Niclas Nilsson

Comments on Twitter on Scala

Posted by Niclas Nilsson on 2009-04-06 at 13:20

I just read an interview with developers from Twitter, commenting on why they rewrote parts of their Ruby-based system in Scala, and it was an interesting read for someone interested in both Scala and Ruby. The obvious reason to switch from Ruby to Scala for a high traffic site like Twitter was to squeeze out more performance of the hardware, but some of their comments puzzled me and in the end I felt things they said didn’t add up.

Steve Jenson: […] Another thing we really like about Scala is static typing that’s not painful. Sometimes it would be really nice in Ruby to say things like, here’s an optional type annotation. This is the type we really expect to see here. And we find that really useful in Scala, to be able to specify the type information.

Alex Payne: I’d definitely want to hammer home what Steve said about typing. As our system has grown, a lot of the logic in our Ruby system sort of replicates a type system, either in our unit tests or as validations on models. I think it may just be a property of large systems in dynamic languages, that eventually you end up rewriting your own type system, and you sort of do it badly. You’re checking for null values all over the place. There’s lots of calls to Ruby’s kind_of? method, which asks, “Is this a kind of User object? Because that’s what we’re expecting. If we don’t get that, this is going to explode.” It is a shame to have to write all that when there is a solution that has existed in the world of programming languages for decades now.

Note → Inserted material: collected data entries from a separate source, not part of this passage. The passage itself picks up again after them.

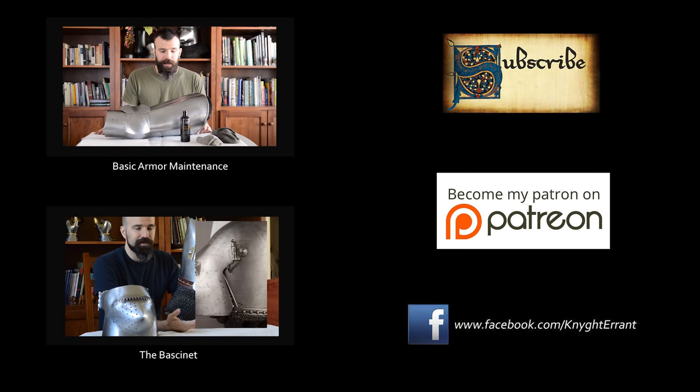Alright guys, thank you. If you found this useful and interesting, please leave that in the comment section below. A huge thank you to the people who have decided to help support the channel on Patreon — I very much appreciate it. For people who are unaware, I do have a Facebook page too, where I release a lot of photography and information on events I'll be attending and other interesting things. So please consider following me on there as well. If you haven't already, subscribe to the channel, share it with your friends, and we'll be back soon with another video. Thank you, bye!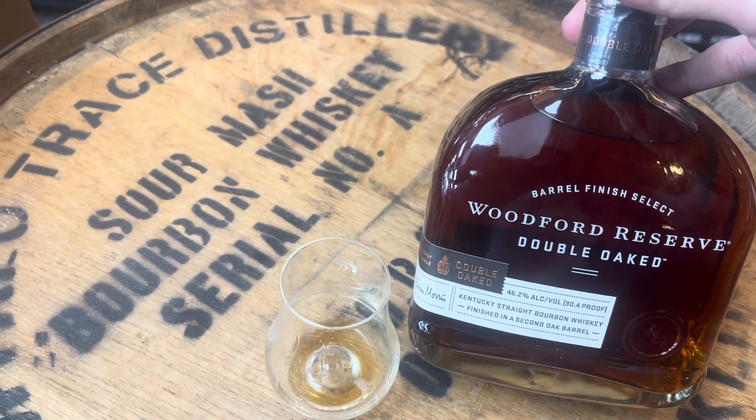Lots of nuts too — like roasted walnuts, kind of sweet nuts. Sweet bacon, spices as well. Wow, let's see one more time — this is one of my favorite bourbons right here.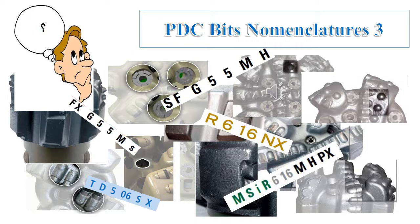This was the last part about PDC nomenclature, covering the additional features. It's important to know that the same feature may be given a different letter by different service companies. Therefore, it is very important to have a reference for each service company to fully understand what is meant by each feature and to avoid misunderstanding the indication of each letter.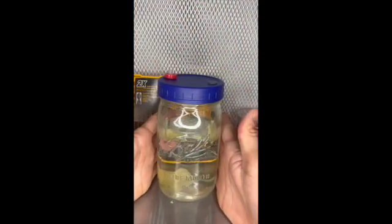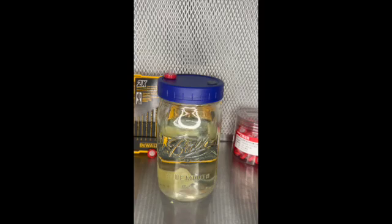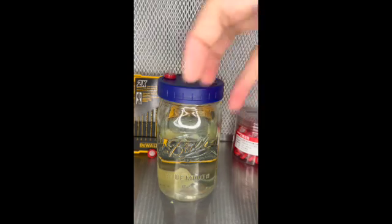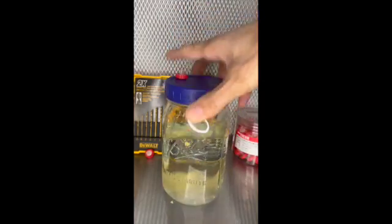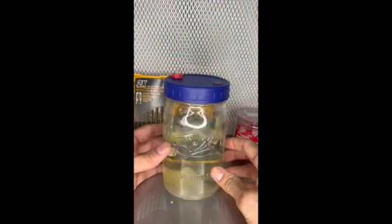If you don't have a magnetic stir bar, you can use a marble — throw it in there and just stir or shake it around every day or every couple of days and it'll work just fine.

First of all, I never expected Twitter to be a large system when it came to code. I assume they have quite a few boxes, but the problem domain itself only seems to require a fairly small system, even though words like small and large are bad qualifiers when we have no references. The API is small, what you can do is limited (which in itself is the power of Twitter) and the web front-end is not particularly large either, so I have a hard time imagining what made the system large. But that’s not what puzzled me.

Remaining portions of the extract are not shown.